─── Stored data ───

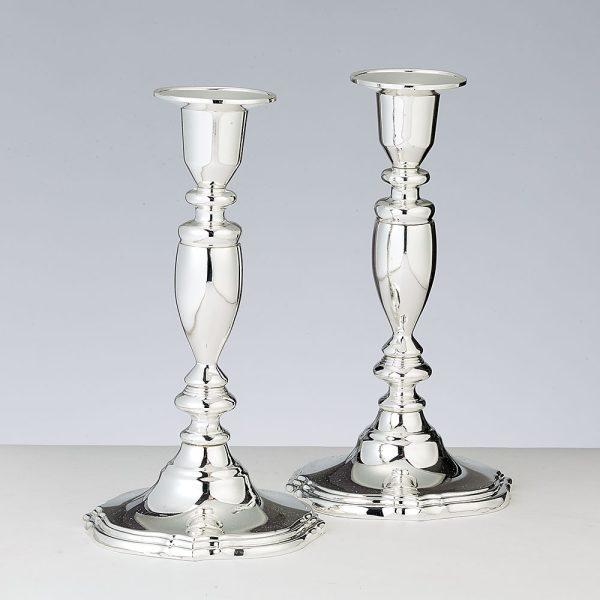 Silver Plated Candlesticks Pair 18cm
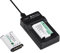 Powerextra Lot de 2 Batterie de Rechange NP-BX1 1600mAH et Chargeur pour NP-BX1 M8 et Cyber-Shot DSC-RX100 DSC-RX100 II DSC-RX100M II DSC-RX100 III DSC-RX100 V DSC-RX100 IV HDR-CX405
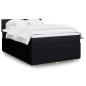 Preview: ARDEBO.de - Boxspringbett mit Matratze Schwarz 160x200 cm Stoff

───

Exercise
Starting at the line that holds "Powerextra Lot de" and stopping at the last line of the listing above, write out each line exactly as it appears, and omit the pictures.

Task response
 Powerextra Lot de 2 Batterie de Rechange NP-BX1 1600mAH et Chargeur pour NP-BX1 M8 et Cyber-Shot DSC-RX100 DSC-RX100 II DSC-RX100M II DSC-RX100 III DSC-RX100 V DSC-RX100 IV HDR-CX405
 Preview: ARDEBO.de - Boxspringbett mit Matratze Schwarz 160x200 cm Stoff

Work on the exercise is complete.